E’ appena diventato campione nazionale dei pesi massimi Sergio Tuiach, orginiario di Sequals, il paese del mitico campione, Primo Carnera, che fu uno degli emblemi della forza del regime mussoliano. I tempi tornano, adesso, con il nuovo “esemplare” – come avrebbe dipinto il mitico cronista sportivo Paolo Rosi – tutto barba e tatuaggi e soprattutto militante di Forza Nuova, la formazione politica (sic) guidata da Roberto Fiore, che era in tripudio al palazzetto dello sport di Sequals, ritratto in una affettuoso abbraccio con il fresco titolato.

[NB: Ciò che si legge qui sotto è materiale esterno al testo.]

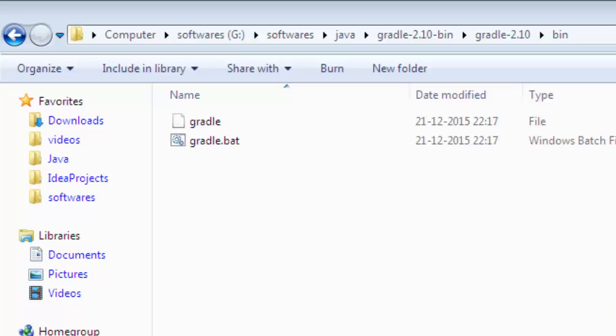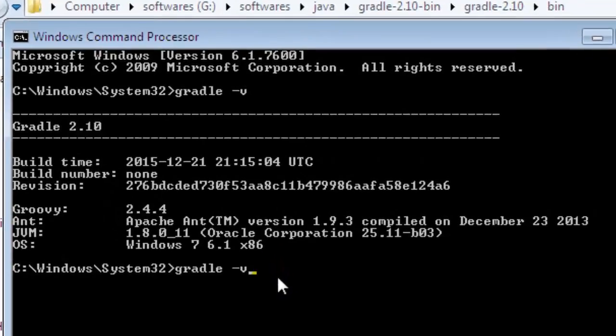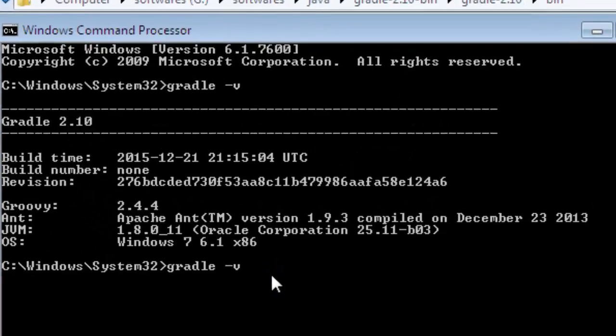In this video I'm going to show you how you can view the Gradle version in Windows 7. Go to command prompt and issue this command: gradle -v, and it will display the Gradle version.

Sconfitto ai punti l’avversario casertano, Sergio Romano, anche lui guarda caso con il pallino delle botte e della politica: è infatti ex assessore comunale con la maglietta del centro sinistra. Pure nella boxe, evodentemente, le beccano sempre.

Tuiach è un fresco puledro della scuderia Fiore. Fino a qualche mese fa militava tra i leghsiti, che però giudica troppo “mosci”: per rinfocolare il sangue nelle sue vene, evidentemente, ci vuole uno, come il leader di Forza Nuova, che è stato condannato a 9 anni per tentata strage e poi s’è dato ad una latitanza dorata a Londra, ben protetto dai servizi di Sua Maestà Britannica.

Un vero cuor di leone.

Ecco il Verbo del neocampione: “Per me vincere il titolo è una missione spirituale oltre che politica. Dalla mia parte il Signore degli eserciti, quello della tradizione che ha guidato i cattolici per secoli, dall’altra quello moderno bergogliano degli arcobaleni che ci vuole tutti senza differenze ma preferibilmente atei, gay, comunisti”.

Speriamo che nel prossimo match il Massimo non subisca un duro colpo alla testa che ne riduca allo 0,01 per cento le residue capacità cognitive.